Working yourself up the levels …
In theory, “all” we need to do to climb up the levels is realising all the ways in which we live from our basic fear, and let go of those. However, that is easier said than done; otherwise we’d all happily hang out in the healthy levels on a permanent basis. But there is a reason the middle range is called “average” — it is where most people hang out most of the time 😉.
So if I am currently — because of my centre of gravity or courtesy of a temporary flair of reactivity — acting from, say, a Level 5 or 6 perspective of reality and myself, then I’m not likely to respond too well to the request that I look into my basic fear. I’m just not there, so any such exercises, should I be persuaded to do them at all, would be an intellectual drill at best. It wound not reach my heart or gut and, thus, not having any meaningful effect on my life, world-view or way of handling myself. But then what can I do to shift the current energy?
… it easier if you start where you are
That was the question that prompted me to start considering tailor-made exercises and perspectives for each level, which ended up in the aforementioned booklet. The booklet contains level-related insights about how the ego-identification plays out started brewing slowly together with my own observations in working with people for inner growth and self-awareness for almost 20 years. What resulted was insights, guidance and tips for how we can, in a way, cater our inner work to the ego’s preferences so that it can be persuaded to do what will ultimately loosen its grip. (And believe me, more than anything, it wants to rest.
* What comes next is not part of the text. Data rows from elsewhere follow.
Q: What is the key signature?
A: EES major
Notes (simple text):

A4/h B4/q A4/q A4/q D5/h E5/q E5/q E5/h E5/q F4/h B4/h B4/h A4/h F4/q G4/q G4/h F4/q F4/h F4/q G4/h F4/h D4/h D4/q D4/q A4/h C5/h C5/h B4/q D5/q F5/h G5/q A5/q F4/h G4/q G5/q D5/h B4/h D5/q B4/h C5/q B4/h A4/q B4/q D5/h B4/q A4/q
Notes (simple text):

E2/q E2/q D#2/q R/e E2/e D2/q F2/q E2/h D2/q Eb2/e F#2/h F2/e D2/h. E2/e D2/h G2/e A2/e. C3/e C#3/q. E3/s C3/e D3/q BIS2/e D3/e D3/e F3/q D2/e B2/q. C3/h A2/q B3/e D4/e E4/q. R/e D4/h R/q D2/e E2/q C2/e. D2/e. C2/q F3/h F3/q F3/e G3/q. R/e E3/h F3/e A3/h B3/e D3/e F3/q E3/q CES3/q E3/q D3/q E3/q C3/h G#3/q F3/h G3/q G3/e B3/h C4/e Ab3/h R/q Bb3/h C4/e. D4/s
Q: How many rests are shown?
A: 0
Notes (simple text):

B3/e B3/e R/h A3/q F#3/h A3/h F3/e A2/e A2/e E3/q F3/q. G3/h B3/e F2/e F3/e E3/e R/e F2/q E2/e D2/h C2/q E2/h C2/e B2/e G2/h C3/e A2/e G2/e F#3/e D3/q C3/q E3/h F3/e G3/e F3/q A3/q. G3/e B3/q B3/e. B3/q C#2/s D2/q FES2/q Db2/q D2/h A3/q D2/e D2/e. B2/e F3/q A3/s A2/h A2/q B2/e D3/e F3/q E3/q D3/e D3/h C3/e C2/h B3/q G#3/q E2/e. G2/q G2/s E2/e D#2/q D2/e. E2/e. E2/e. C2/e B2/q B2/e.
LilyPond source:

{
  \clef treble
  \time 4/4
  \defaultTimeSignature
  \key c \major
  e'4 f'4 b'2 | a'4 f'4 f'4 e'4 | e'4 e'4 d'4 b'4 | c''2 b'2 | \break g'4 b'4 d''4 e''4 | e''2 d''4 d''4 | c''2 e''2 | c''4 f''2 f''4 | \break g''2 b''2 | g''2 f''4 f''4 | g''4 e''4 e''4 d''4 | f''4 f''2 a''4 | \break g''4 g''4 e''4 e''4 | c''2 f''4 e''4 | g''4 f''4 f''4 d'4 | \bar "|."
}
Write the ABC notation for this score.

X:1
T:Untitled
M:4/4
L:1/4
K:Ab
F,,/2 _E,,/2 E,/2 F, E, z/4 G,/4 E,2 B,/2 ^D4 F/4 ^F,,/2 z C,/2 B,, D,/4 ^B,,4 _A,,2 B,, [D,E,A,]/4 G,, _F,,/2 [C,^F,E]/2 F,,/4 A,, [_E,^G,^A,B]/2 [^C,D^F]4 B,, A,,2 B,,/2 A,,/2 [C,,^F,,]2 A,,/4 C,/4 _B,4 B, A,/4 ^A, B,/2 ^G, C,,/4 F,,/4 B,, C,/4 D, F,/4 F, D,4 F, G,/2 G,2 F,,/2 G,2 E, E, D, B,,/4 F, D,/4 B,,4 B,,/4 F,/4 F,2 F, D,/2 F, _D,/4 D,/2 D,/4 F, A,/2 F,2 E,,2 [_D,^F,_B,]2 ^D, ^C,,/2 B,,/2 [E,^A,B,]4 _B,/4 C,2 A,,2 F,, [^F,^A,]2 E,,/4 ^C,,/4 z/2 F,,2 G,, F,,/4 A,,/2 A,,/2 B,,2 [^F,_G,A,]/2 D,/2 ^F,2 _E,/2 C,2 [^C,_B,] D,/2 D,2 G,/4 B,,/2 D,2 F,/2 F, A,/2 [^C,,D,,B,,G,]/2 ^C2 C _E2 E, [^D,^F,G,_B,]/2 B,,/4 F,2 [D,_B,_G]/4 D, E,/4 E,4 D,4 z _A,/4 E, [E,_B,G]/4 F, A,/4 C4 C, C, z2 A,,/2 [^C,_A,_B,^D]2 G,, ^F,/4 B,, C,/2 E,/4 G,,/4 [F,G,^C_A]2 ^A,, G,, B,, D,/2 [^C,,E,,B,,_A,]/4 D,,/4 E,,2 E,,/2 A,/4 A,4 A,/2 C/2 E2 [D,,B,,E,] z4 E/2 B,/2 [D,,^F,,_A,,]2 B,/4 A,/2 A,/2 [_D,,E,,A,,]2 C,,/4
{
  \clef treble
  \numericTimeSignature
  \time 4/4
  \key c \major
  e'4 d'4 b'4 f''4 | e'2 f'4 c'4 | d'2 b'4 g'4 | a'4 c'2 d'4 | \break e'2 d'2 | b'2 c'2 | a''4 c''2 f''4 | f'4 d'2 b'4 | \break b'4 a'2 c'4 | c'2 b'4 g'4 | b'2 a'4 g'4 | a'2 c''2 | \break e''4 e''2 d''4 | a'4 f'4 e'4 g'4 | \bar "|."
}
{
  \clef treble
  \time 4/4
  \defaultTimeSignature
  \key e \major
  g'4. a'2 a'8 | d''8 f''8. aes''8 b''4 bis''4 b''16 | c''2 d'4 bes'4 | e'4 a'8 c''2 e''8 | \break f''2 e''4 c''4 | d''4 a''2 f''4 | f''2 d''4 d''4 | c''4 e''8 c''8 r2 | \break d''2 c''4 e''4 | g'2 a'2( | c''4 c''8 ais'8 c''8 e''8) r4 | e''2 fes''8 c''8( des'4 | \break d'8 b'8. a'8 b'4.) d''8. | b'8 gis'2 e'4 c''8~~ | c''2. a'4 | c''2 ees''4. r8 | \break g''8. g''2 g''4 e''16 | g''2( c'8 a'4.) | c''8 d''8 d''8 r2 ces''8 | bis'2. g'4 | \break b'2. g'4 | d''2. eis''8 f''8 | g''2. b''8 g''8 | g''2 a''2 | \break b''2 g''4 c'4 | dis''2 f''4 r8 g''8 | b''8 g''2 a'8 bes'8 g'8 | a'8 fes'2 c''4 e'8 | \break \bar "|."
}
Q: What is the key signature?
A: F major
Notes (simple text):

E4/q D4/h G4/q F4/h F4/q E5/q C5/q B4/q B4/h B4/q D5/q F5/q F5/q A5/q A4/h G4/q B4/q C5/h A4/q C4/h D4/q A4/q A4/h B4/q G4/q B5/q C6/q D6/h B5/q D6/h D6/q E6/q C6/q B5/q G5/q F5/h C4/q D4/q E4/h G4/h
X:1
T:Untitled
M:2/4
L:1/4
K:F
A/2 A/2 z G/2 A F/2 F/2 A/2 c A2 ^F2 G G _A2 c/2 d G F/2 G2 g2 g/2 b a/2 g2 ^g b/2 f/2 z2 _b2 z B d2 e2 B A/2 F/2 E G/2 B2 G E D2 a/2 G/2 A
It just does not know that yet ❤️)
*) In relation to the inner lines (or arrows) of the Enneagram, I often come across the view that the idea of a direction of stress and another for integration is an obsolete theory that has long since been debunked. “We can move in either direction in both stress and integration”, goes the argument, “and it doesn’t necessarily only just go one way”. While this is true (and it’s also true that we can react to various circumstances in a myriad of ways, as we are human beings and individuals and not a set category on a theoretic model), the conclusion that this invalidates the directions is faulty. The original arrows and their directions (which have a mathematical source) are significant, and this is how. It’s not about mimicking behaviour, it’s about an overall influence on the core type from the arrow point. This influence can be subtle, but nonetheless, it taints the original type in a way that has some significance for our inner work and growth.
**) The original fixation that Ichazo put with the Eight was vengeance. However, in Russ Hudson’s teachings, he developed the wording of some of the fixations to better represent what actually happens in the type in question. Eight is one such type, and the word he came up with was objectification.